作品概要
《糸杉のある麦畑》は、画家のフィンセント・ファン・ゴッホによって制作された作品。制作年は1889年から1889年で、メトロポリタン美術館に所蔵されている。

精神病院での制作
《糸杉のある麦畑》は、1889年にヴィンセント・ヴァン・ゴッホが麦畑シリーズとして描いた油彩画の一点で、よく似た作品が三点ある。時に「糸杉のあるトウモロコシ畑」とも呼ばれている。いずれの作品もフランスのアルルに近いサン・レミにあるサン・ポール・ド・モーゾール精神病院で制作された。
1889年5月から1890年5月までの1年間ゴッホは自発的にこの病院に入院していた。病院の窓からアルピーユ山脈の方角を臨んだ景色からインスピレーションを得て描かれたものである。
糸杉への魅了
本作品は、収穫時期の金色に輝く麦畑、円錐状をしたプロバンスの糸杉、明るい青々としたオリーブの木、山々、紺碧の空に渦巻く白い雲を描写している。メトロポリタン美術館に収蔵されている最初の作品は、《星月夜》を完成させてすぐ、1889年6月終わりあるいは7月初めに描かれたようだ。
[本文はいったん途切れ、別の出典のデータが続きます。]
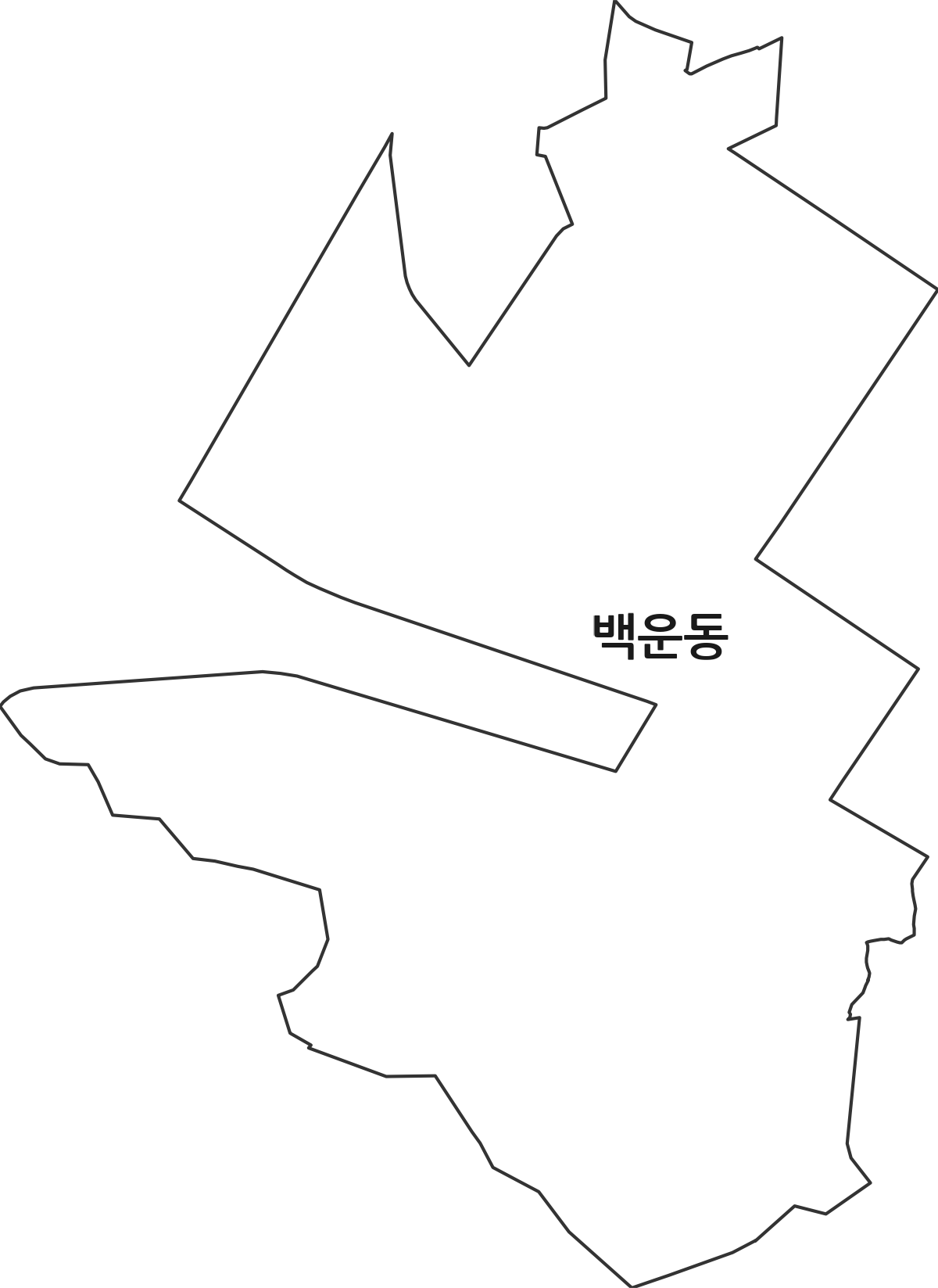 경기도 안산시 단원구 백운동 행정동 행정구역 경계 지도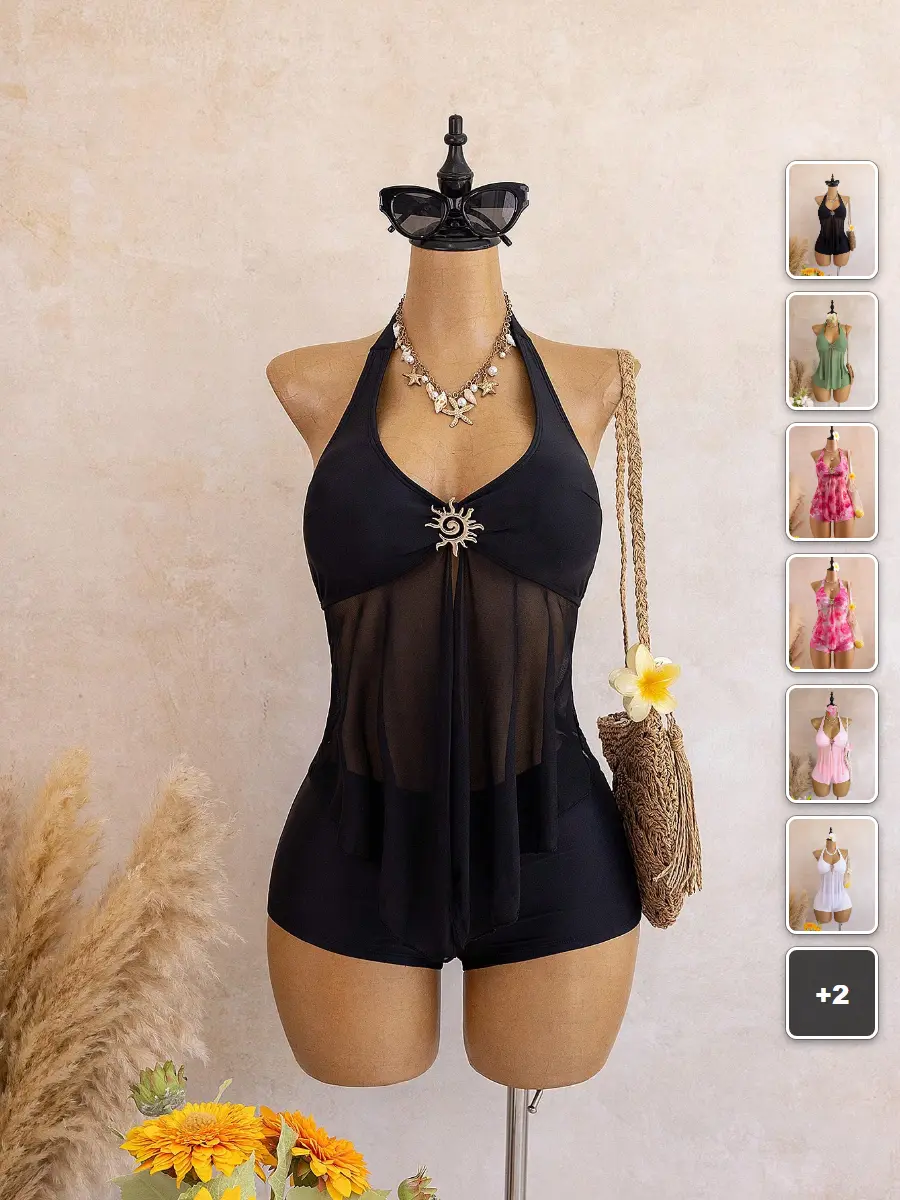 Spaghetti Strap Bikini Top Metal Detail Mesh Splice Beach Vacation Summer Swim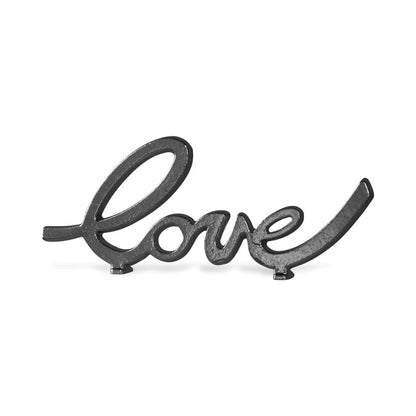 10" Black Cast Iron Love Tabletop Sign HomeRoots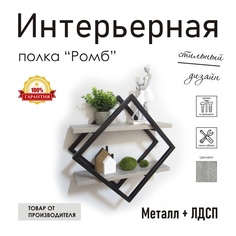 Полка настенная "Ромб" черная, стиль лофт No Brand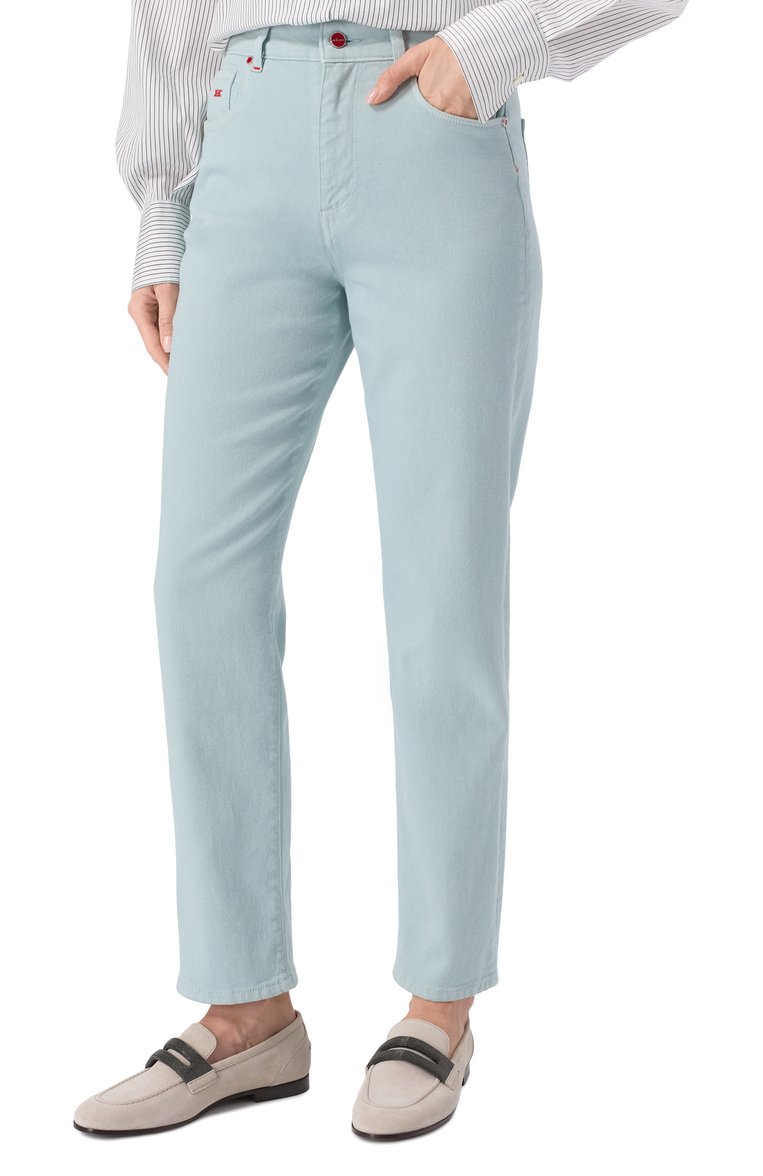 Женские джинсы KITON бирюзового цвета, арт. DJ54101K0928F01 | Фото 3 (Материал внешний: Хлопок, Деним; Длина (брюки, джинсы): Стандартные; Силуэт Ж (брюки и джинсы): Слим; Кросс-КТ: Деним; Стили: Кэжуэл)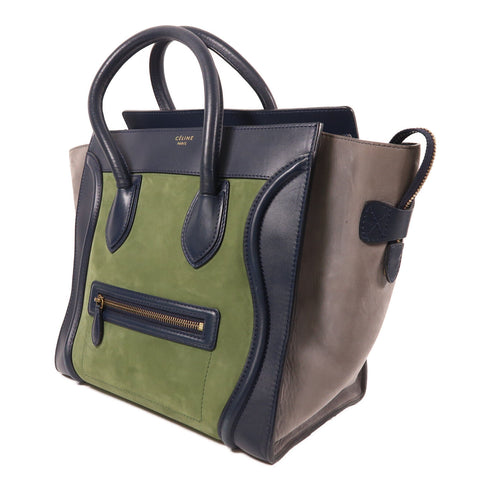 CELINE GHW Micro Luggage Hand Bag Calfskin Leather Blue/Grey/Green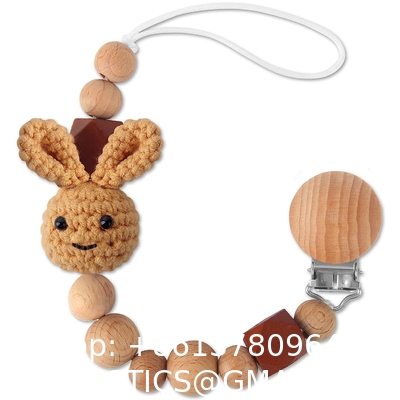 Pacifier Clip, Neutral Cute Rabbit Pacifier Leash For Boys Girls Fits For All Pacifiers, Ideal Baby Shower Baby Gift
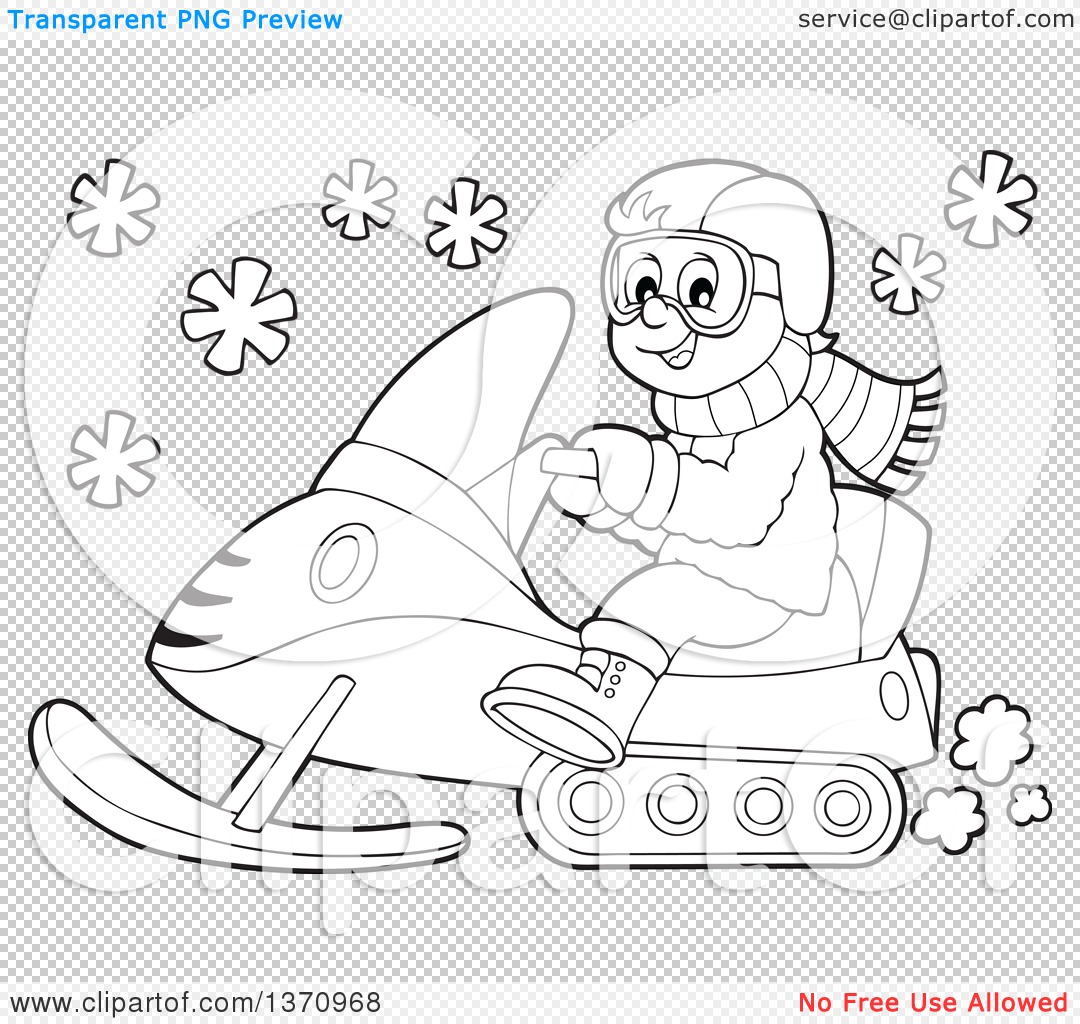 Clipart of a cartoon black and white happy man driving a snowmobile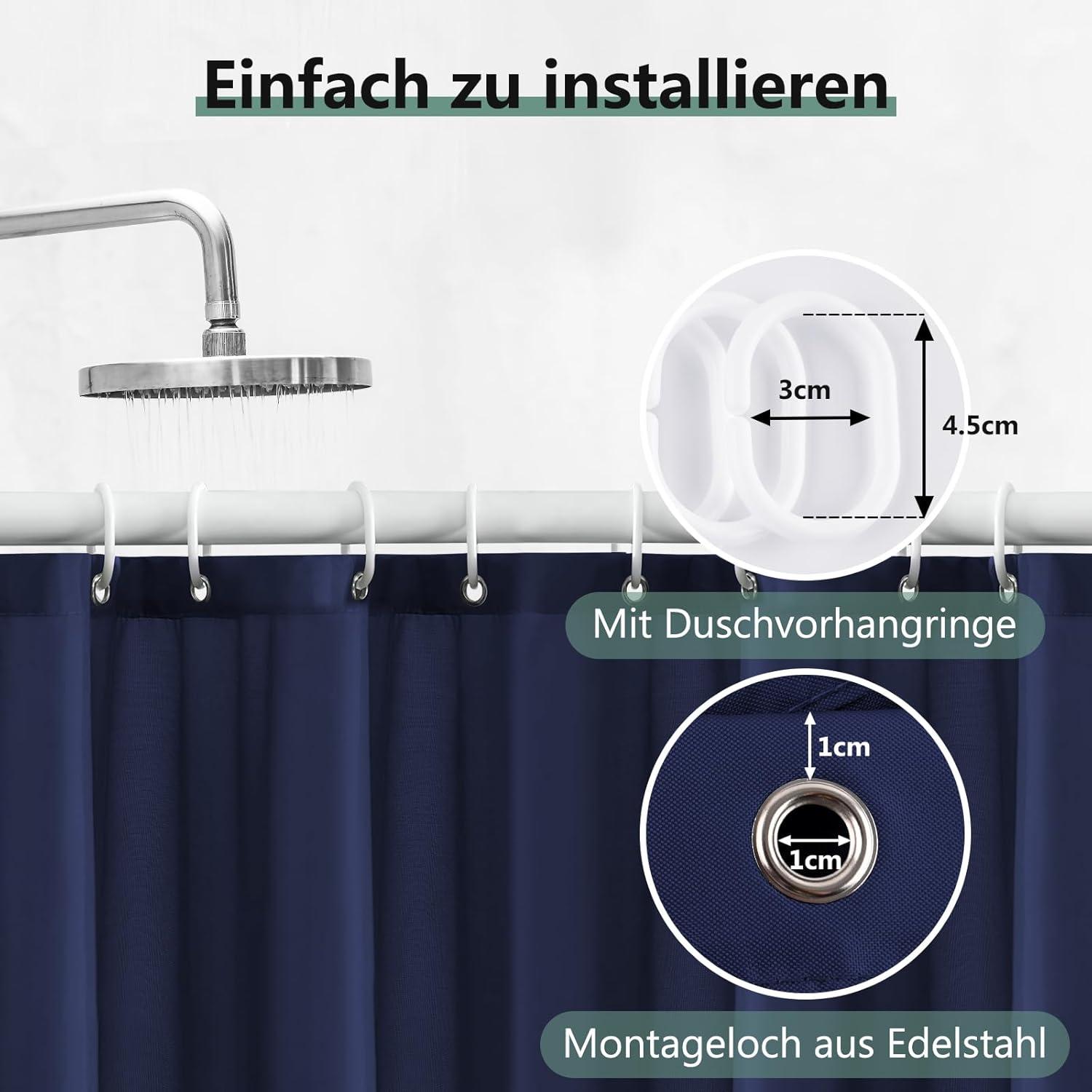 Duschvorhang 180x220cm Anti-Schimmel, wasserdicht PVC Textil dunkelblau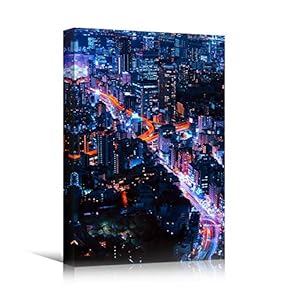 signwin Canvas Wall Art City Lightscape Cityscape Colorful...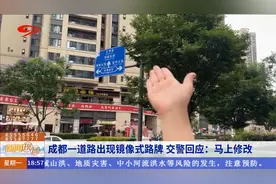 成都一道路出现镜像式路牌 交警回应：马上修改视频封面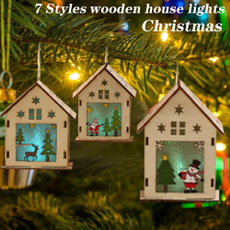 Decor, woodenhouselamp, led, Christmas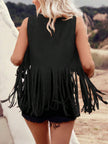 Fringe Studded Open Front Vest Coat - LACEDUPED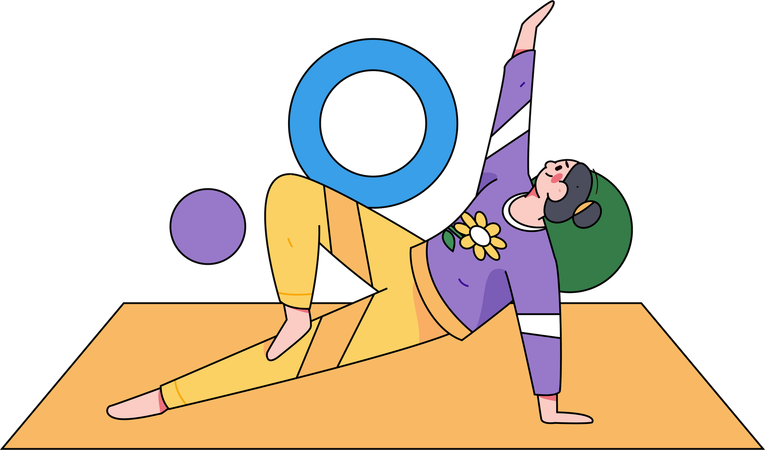 Chica haciendo pose de yoga  Ilustración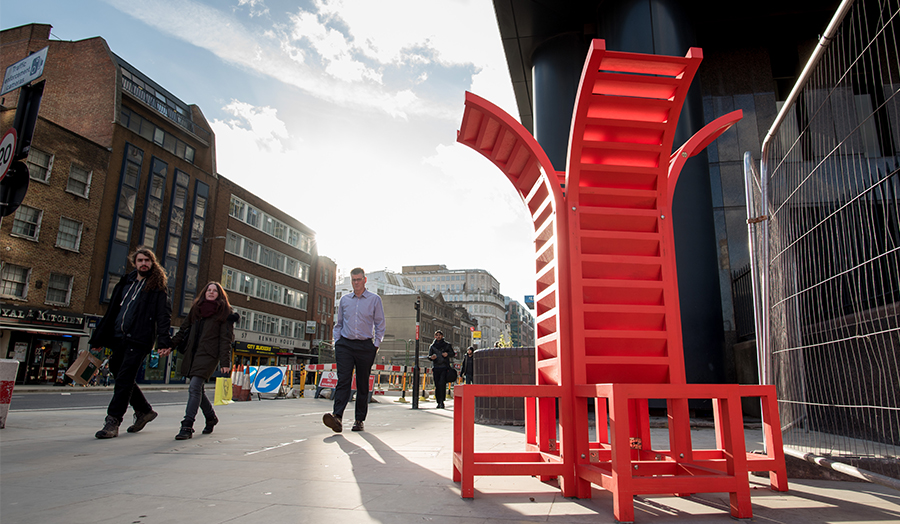 Image of chairs designed by student on road in London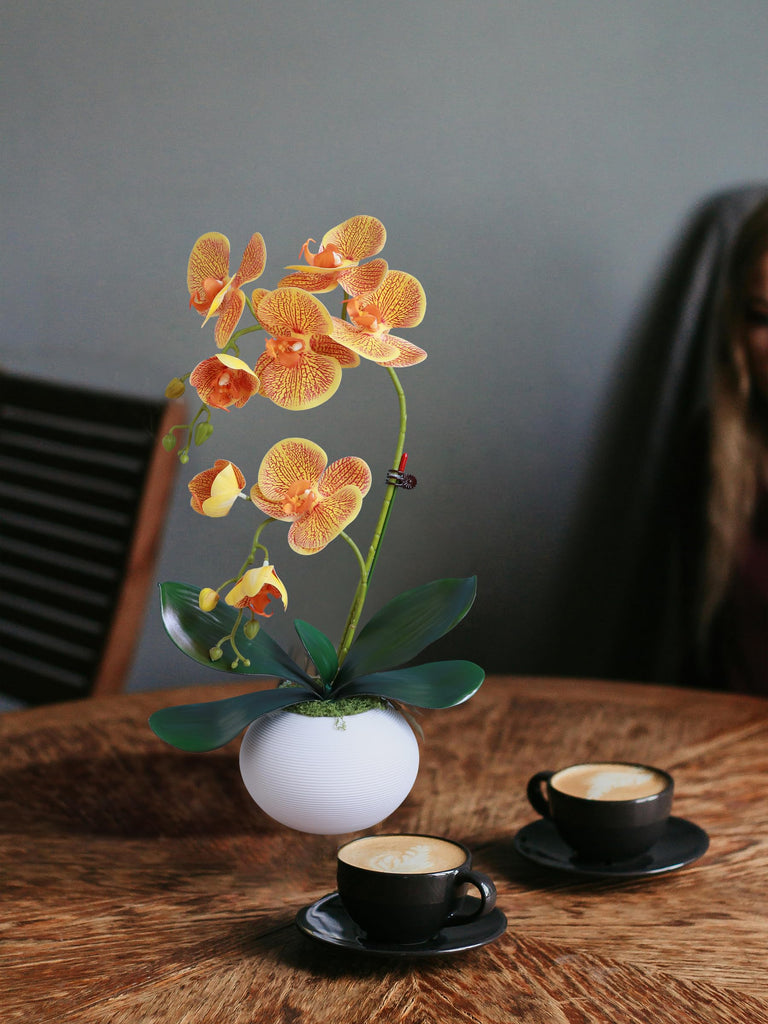 17" Orange Artificial Orchids that Look Real with Pot Fake Orchid in Vase Artificial Flowers Decor Indoor Office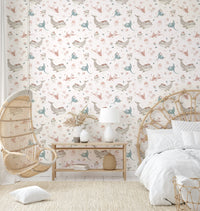 Botanical wallpaper with aquatic elements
ゴッホがまさに糸杉に魅了されていた時である。また、病院の外に出ることができた時に戸外で制作されたように思われる。ゴッホはこの風景画を自分の夏の絵の最高作と評価している。
1889年7月2日に弟のテオに宛てて書いた手紙で本作品について「糸杉と少しばかりの小麦、ケシの花、青い空があり、多彩なスコットランドの格子縞のようで、アドルフ・モンティセリの絵のように絵画を厚塗りした。」と説明している。
ゴッホは、1889年7月終わりから8月初めにかけて重い精神障害を患っていたが、8月終わりから9月初めには絵を描くことを再開したようだ。葦ペンで描かれた「糸杉のある麦畑」は現在アムスレルダムのゴッホ美術館に収蔵されている。
他にも「糸杉のある麦畑」油彩画 2点が制作された。メトロポリタン美術館に収蔵されている作品とほぼ同じサイズである作品(ロンドンの国立美術館に収蔵)と、より小さいサイズの作品である(個人蔵に収蔵)。